CREATE OR REPLACE TABLE h3_3_stats AS
SELECT h3_3: H3_LATLNG_TO_CELL(
bbox.ymin,
bbox.xmin,
3),
null_ratio: ROUND(100 /
COUNT(*) *
COUNT(*) FILTER (height IS NULL), 1)
FROM 'merged/*.parquet'
GROUP BY 1;
COPY (
SELECT geometry: ST_ASWKB(H3_CELL_TO_BOUNDARY_WKT(h3_3)::geometry),
null_ratio
FROM h3_3_stats
WHERE ST_XMIN(geometry::geometry) BETWEEN -179 AND 179
AND ST_XMAX(geometry::geometry) BETWEEN -179 AND 179
) TO 'height_null_ratio.h3_3_stats.parquet' (
FORMAT 'PARQUET',
CODEC 'ZSTD',
COMPRESSION_LEVEL 22,
ROW_GROUP_SIZE 15000);
Below are the hexagon counts by null ratio, binned to the nearest 10th.
SELECT null_ratio_bin: round(null_ratio / 10) * 10,
COUNT(*)
FROM h3_3_stats
GROUP BY null_ratio_bin
ORDER BY 1;
┌────────────────┬──────────────┐
│ null_ratio_bin │ count_star() │
│ double │ int64 │
├────────────────┼──────────────┤
│ 0.0 │ 318 │
│ 10.0 │ 372 │
│ 20.0 │ 292 │
│ 30.0 │ 260 │
│ 40.0 │ 202 │
│ 50.0 │ 158 │
│ 60.0 │ 131 │
│ 70.0 │ 187 │
│ 80.0 │ 180 │
│ 90.0 │ 116 │
│ 100.0 │ 6996 │
├────────────────┴──────────────┤
│ 11 rows 2 columns │
└───────────────────────────────┘
Confidence Levels
334M Buildings in this dataset have a confidence level attached to their record.
$ ~/duckdb
SELECT COUNT(*),
confidence IS NULL
FROM 'merged/*.parquet'
GROUP BY 2;
┌──────────────┬──────────────────────┐
│ count_star() │ (confidence IS NULL) │
│ int64 │ boolean │
├──────────────┼──────────────────────┤
│ 1065597051 │ true │
│ 344251138 │ false │
└──────────────┴──────────────────────┘
Below are the most common confidence values for locations with them broken down by hexagons at zoom-level 5.

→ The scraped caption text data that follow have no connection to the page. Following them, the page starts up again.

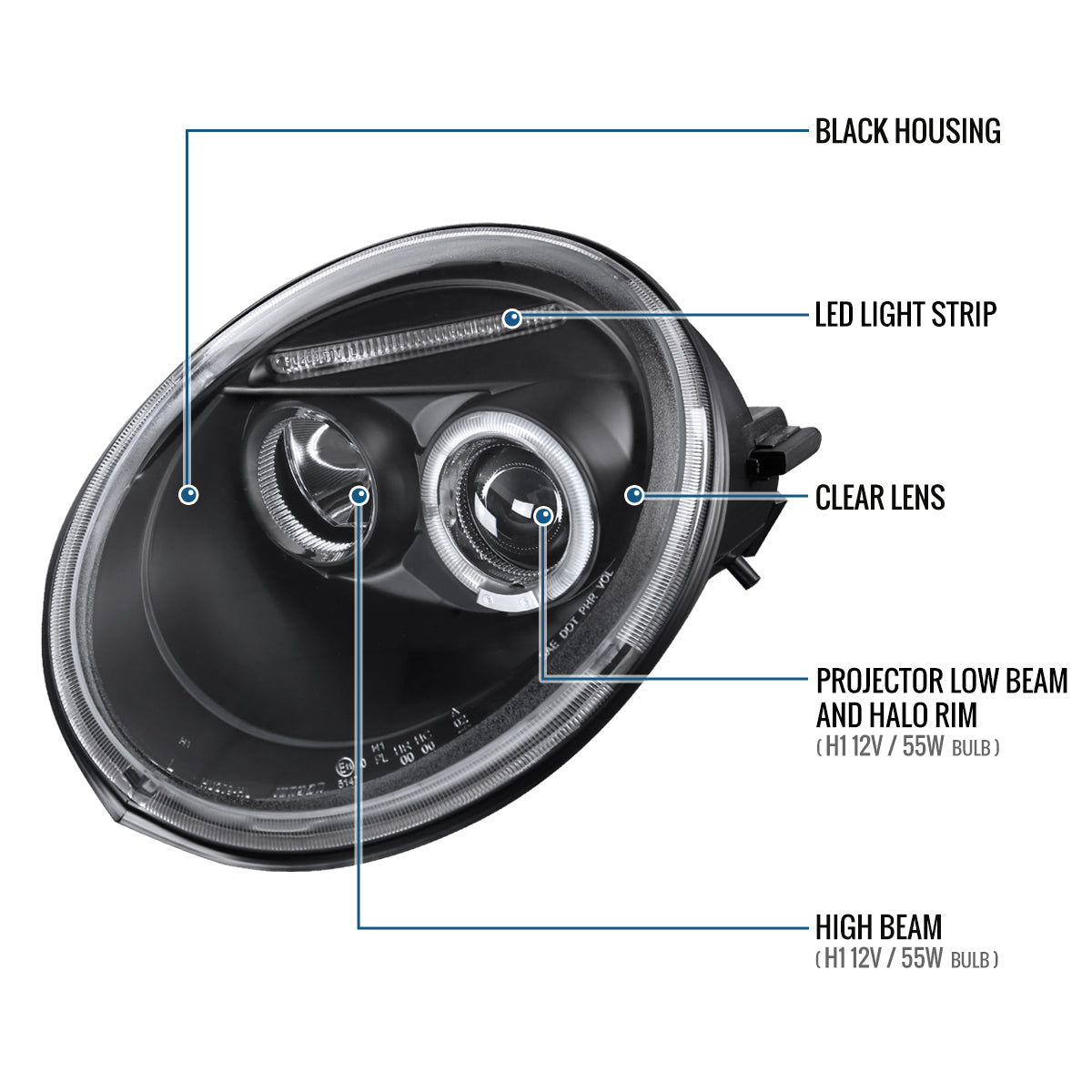 Ronnin - Fits 1998-2005 Volkswagen Beetle Upgrade Replacement Halogen Projector Headlights Assembly Pair | Black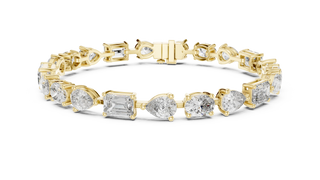 Front View: Round Diamond Bracelet with Prong Setting in 14k Yellow Gold - Lab Grown - Driona Jewels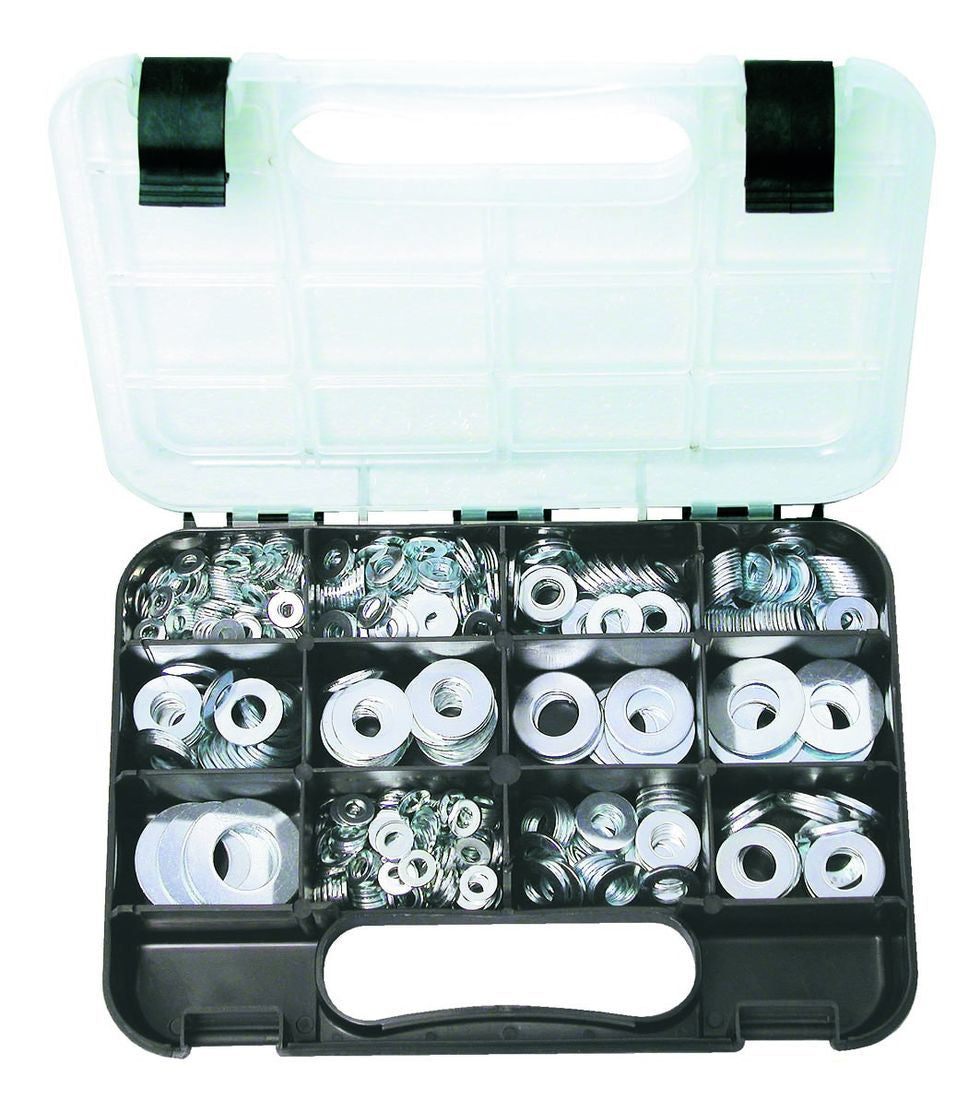 FLAT WASHERS: 13 sizes Metric: 6mm-20mm ID, Imperial: 3/16″ to 3/4″ ID, Zinc plated steel, 740 piece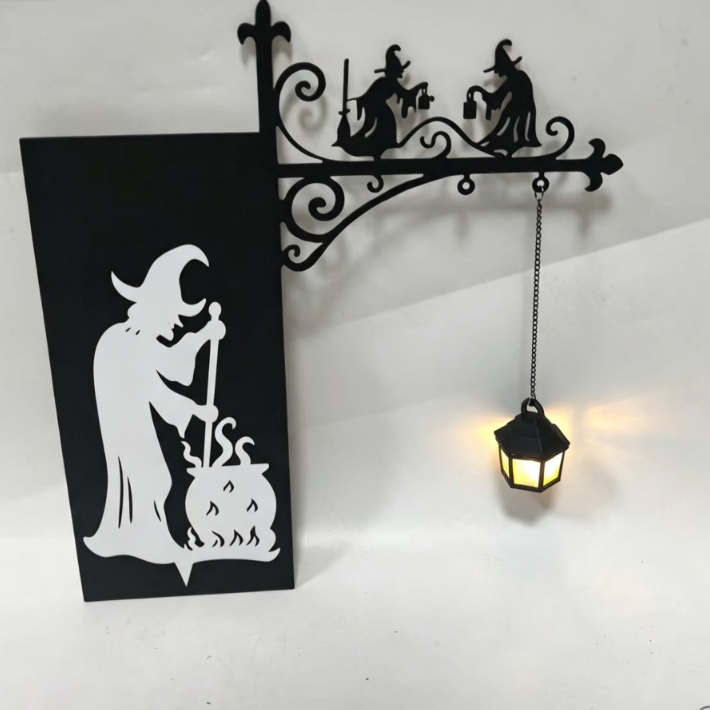Lámpara decorativa de estantería con figura de fantasma en hierro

CREATE OR REPLACE TABLE h3_5s AS
WITH b AS (
WITH a AS (
SELECT H3_LATLNG_TO_CELL(bbox.ymin,
bbox.xmin,
5) h3_5,
confidence,
COUNT(*) num_recs
FROM 'merged/*.parquet'
GROUP BY 1, 2
)
SELECT *,
ROW_NUMBER() OVER (PARTITION BY h3_5
ORDER BY num_recs DESC) AS rn
FROM a
)
FROM b
WHERE rn = 1
ORDER BY num_recs DESC;
COPY (
SELECT geometry: H3_CELL_TO_BOUNDARY_WKT(h3_5)::GEOMETRY,
confidence
FROM h3_5s
WHERE ST_XMIN(geometry::geometry) BETWEEN -179 AND 179
AND ST_XMAX(geometry::geometry) BETWEEN -179 AND 179
) TO 'confidence.h3_5_stats.parquet' (
FORMAT 'PARQUET',
CODEC 'ZSTD',
COMPRESSION_LEVEL 22,
ROW_GROUP_SIZE 15000);
Below are the hexagon counts by confidence value. In almost all cases, where there is a confidence level, it's above 90%.
SELECT confidence,
COUNT(*)
FROM h3_5s
GROUP BY confidence
ORDER BY 1;
┌────────────┬──────────────┐
│ confidence │ count_star() │
│ double │ int64 │
├────────────┼──────────────┤
│ 0.2 │ 1 │
│ 0.4 │ 1 │
│ 0.5 │ 6 │
│ 0.6 │ 6 │
│ 0.7 │ 10 │
│ 0.8 │ 52 │
│ 0.9 │ 8748 │
│ 1.0 │ 67702 │
│ NULL │ 233423 │
└────────────┴──────────────┘
It's a shame the confidence level couldn't be applied more stringently or allow for more nuance beyond most records having no confidence level at all.
Detection Edge Cases
Below, I'll go over some of the strange detection edge cases I've come across in this dataset. This shouldn't suggest these problems are widespread, just that when there is an issue with a building's footprint being detected, these are some of the ways they're manifested.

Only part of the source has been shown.